The Financial Accounting Standards Board put forth FAS 157 ("Mark to Market Accounting") effective for public entities filing financial statements due on or after November 15, 2007. What did this seemingly innocuous rule do? It changed the way that companies (banks, insurance companies, brokerage companies and other public companies account for assets on their books). FAS 157 created a new definition of Fair Value as follows: "The price that would be received to sell an asset or paid to Transfer a liability in an orderly transaction between market participants at the measurement date". In times of illiquid markets, the price of these assets fall away and are valued at $.10 on the Dollar.

The Dow Jones Industrial Average was 13,110.05 on the day this went into effect. Since that time, investors have seen trillions of dollars of net market value evaporate with capital being raised and institutions such as Lehman Brothers, Merrill Lynch, Wachovia Bank being swept under into either bankruptcy or hastily arranged mergers. The DJIA closed today at 6,624 (March 6, 2009) and it is clear the Obama Administration is struggling to figure out what to do to stem the economic disaster that a declining stock market brings.

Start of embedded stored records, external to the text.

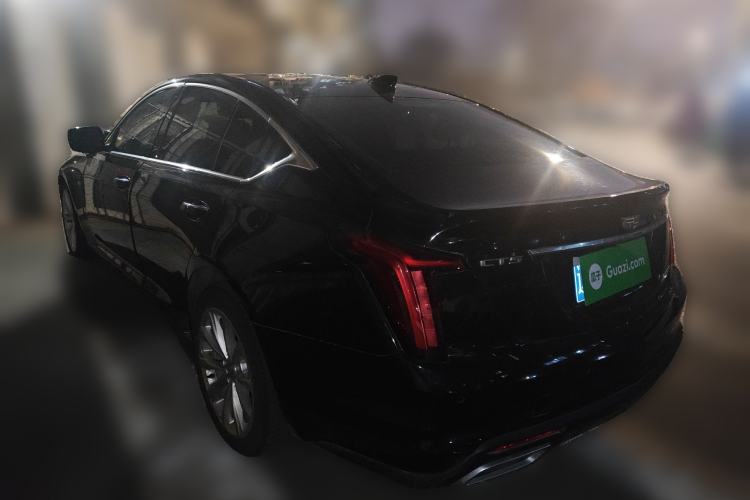 Used Cadillac CT5 2023 28T Luxury Edition (Standard Version)
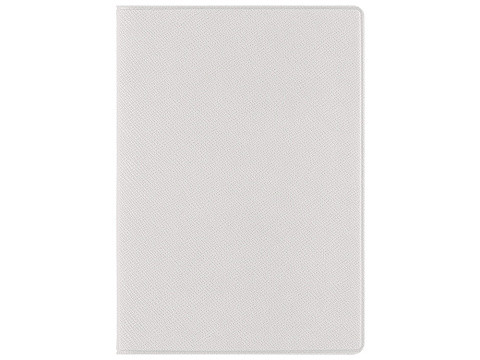 Классическая обложка для паспорта Favor, белая - рис 3.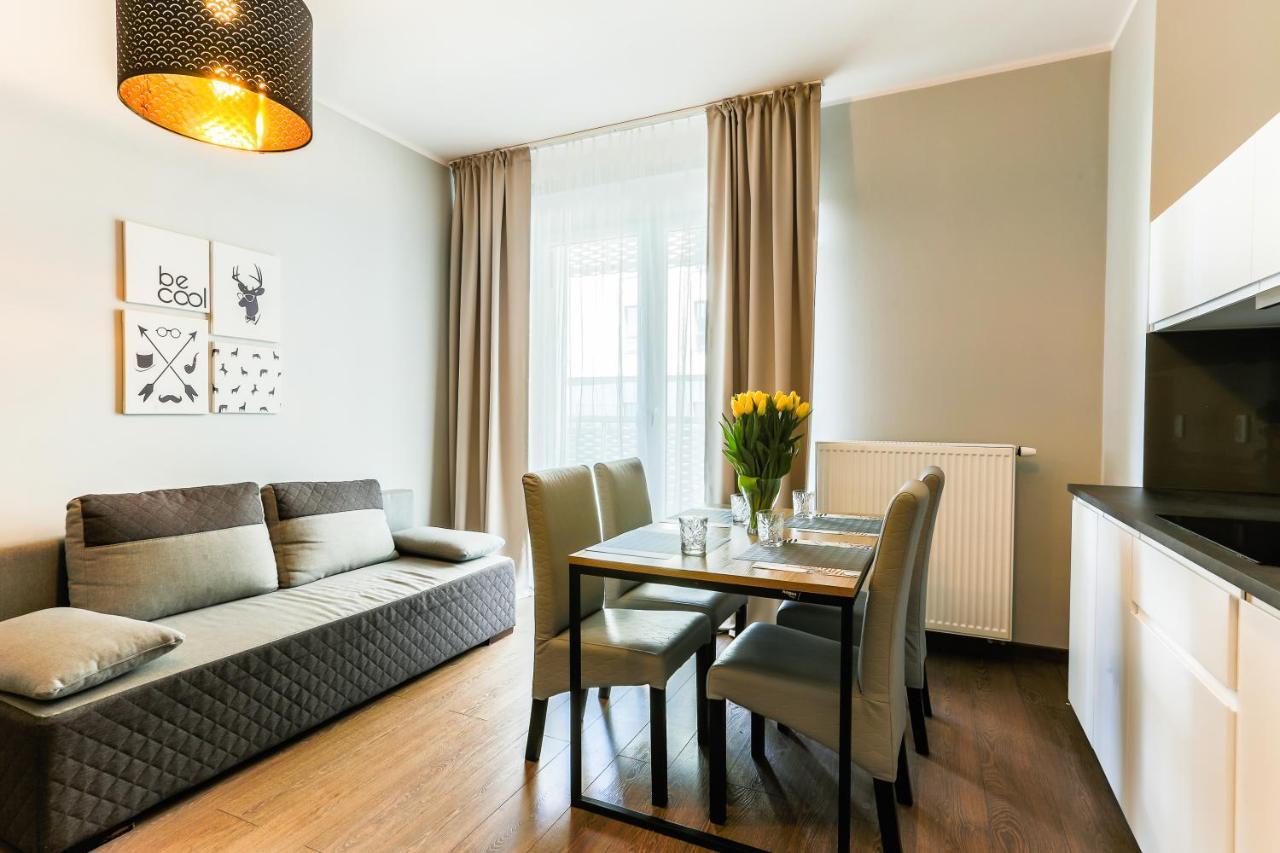 Coin Apartamenty Wroclaw Exterior photo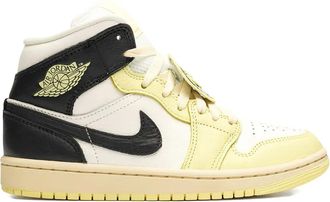 Nike Jordan Air Jordan 1 Mid Fall League sneakers - Green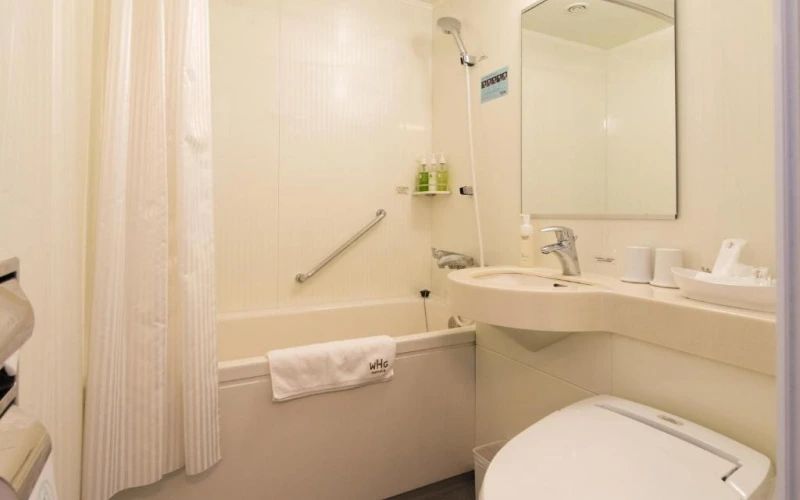 10 ที่พักซัปโปโร ใกล้สถานีรถไฟ อัปเดตล่าสุด 36 โรงแรม Hotel Gracery Sapporo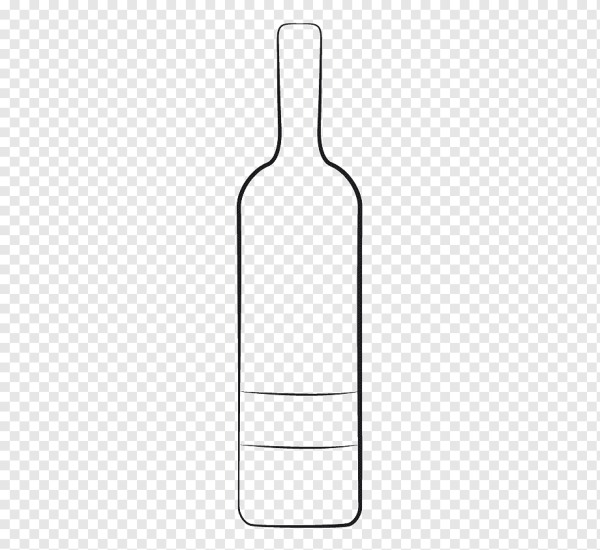 Рисование на бутылках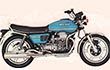 MOTO GUZZI 850 T-3 1975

Here is something that can be done to stem the capital drain. Congress, in passing the Emergency Economic Stabilization Act of 2008, included a Section 132 which gave the SEC the authority to suspend Mark to Market accounting if they determined that it is in the public interest to do so. After losing 50% of stock market valuation since November 2007, isn't it well past time for the SEC to suspend FAS 157??

The answer is clear enough to me. Suspend FAS 157 and its Mark to Market consequences.